I know. It was really odd how unconcerned. I just think she didn’t understand the magnitude.
You showed more constraint than I probably would have. Bless you, Hallee. This made me cry. We have a society filled with people like this boy. People who are angry and filled with disrespect and lack of any kind of senses or feelings to understand someone who is not just like themselves, and who somehow, for some unknown reason, feel righteous. We also have a lot of people who are somewhere on the autism scale and don’t understand, but they still feel.
It’s scary to consider this behavior becoming the norm.
I’ve been the kid in the wrong’s mom (not bullying, but an adult informed me of what they considered my child to have done wrong). I knew that what was said was out of character for the child (again, totally different situation. A bully rarely BEGINS at that age).
But here’s the thing. Despite knowing that I didn’t actually believe this to be my child’s problem, I did three very important (I think) things.
1. I acknowledged the woman’s complaint. Assured her that I would discuss it with my child. I knew how that conversation would likely go, but I did it anyway. Because I can be wrong. And even if I’m not, I can respect her right to think my child was in the wrong.
2. I spoke to my kid. Asked about it. The kid was flabbergasted that she would think he’d done what she said (she thought he didn’t do what he VOLUNTEERED to do–that he just left them to do it alone). But when I spoke to him, I made sure he knew I was in his court–even if he HAD blown it. My kids always know I’ve got their back (and their backside if they blow it. So to speak).
3. I had him apologize for upsetting her. Not for doing something he didn’t do, not for existing (which was the vibe I got from that mom, btw). No, because he can apologize for upsetting someone. Even if it wasn’t intentional or if he had no idea he could upset her that way, it never hurts to apologize for hurting someone’s feelings, causing frustration, etc. Even if you’re not in the wrong.

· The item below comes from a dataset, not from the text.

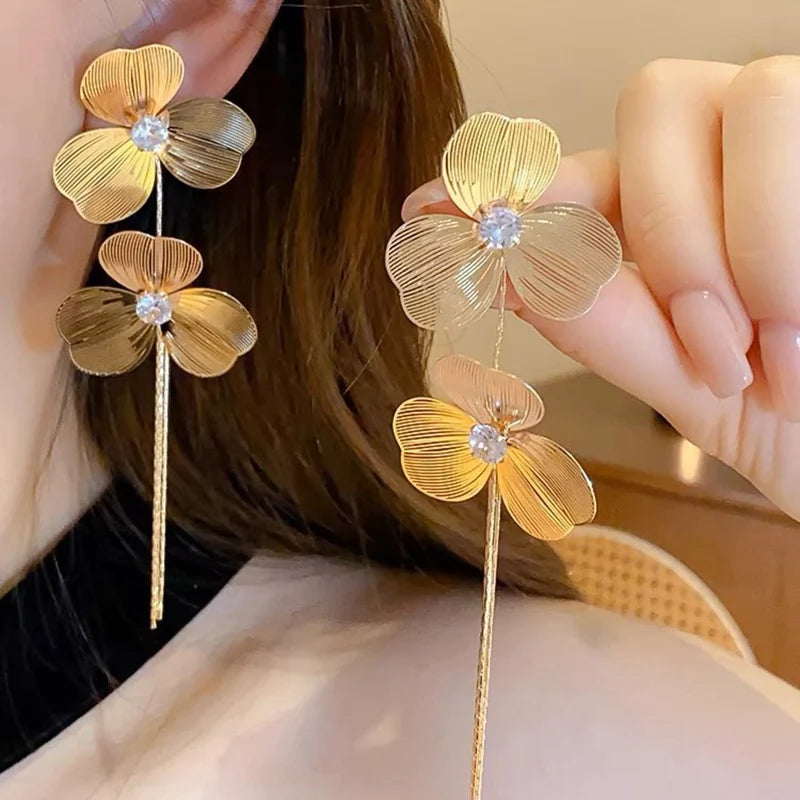Boucles d'oreilles longues à pampilles en biscuits exagérées pour filles, boucles d'oreilles pendantes ChimFlower, personnalisées, bijoux de fête uniques L’AURA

My kid trusts me. He knows if he tells me that something went down wrong and he blew it, I’m not going to blow up at him. I’m going to deal with it, but I’m not going to make it worse than it was. And if he says he didn’t do it. I’m going to believe him. Because he’s given me every reason TO believe him.
And I can’t remember why I was rambling about it. But I’ll lay it out there. In case someone gets it.
We have that kind of relationship with our kids. I have no reason not to trust them.
Our son has autism too and is in the first grade. He’s experienced mild (we hope that’s all) bullying, but he has a severe speech delay, so he can’t tell us for himself. There were 2 incidents that we witnessed. Most of his classmates are sweet and encouraging, but there will always be bullies to worry about, and it seems they get worse with age. We’re considering home schooling within a year or two. There is a good network of resources and home school groups where we live, so he can still be social and go on field trips, and we can still be helicopter parents. lol. I can’t bring myself to apologize for that.
I hope your boys are doing better, and I hope the mother of that bully was just too stunned to show a proper response of concern. Hopefully she found time to have a talk with her son. Personally, if he were my child, he would be apologizing to both you and your children for his behavior.
I’m hoping she was stunned, too.
I’m sorry your son has experienced bullying of any kind – mild or not.
I am going to talk to my kids about this. He has had to threaten a kid in his class, they are 9th graders, for making fun of a boy with autism. He texted me that he may be sent to the principal but he was going to stop it. I want them to be aware and look out for the shutting down. To absolutely step in, but to step in immediately because shutting down at school has to be even worse.
I am shocked by the whole situation, I wished all the other kids up there stepped in. I can’t even with that mom…
You and Jeb on the other hand amazing.
I am so sorry this happened to all of you.
Kaylee had to defend an autistic COLLEGE kid in her communications class last year. People are just fascinating. Ugh.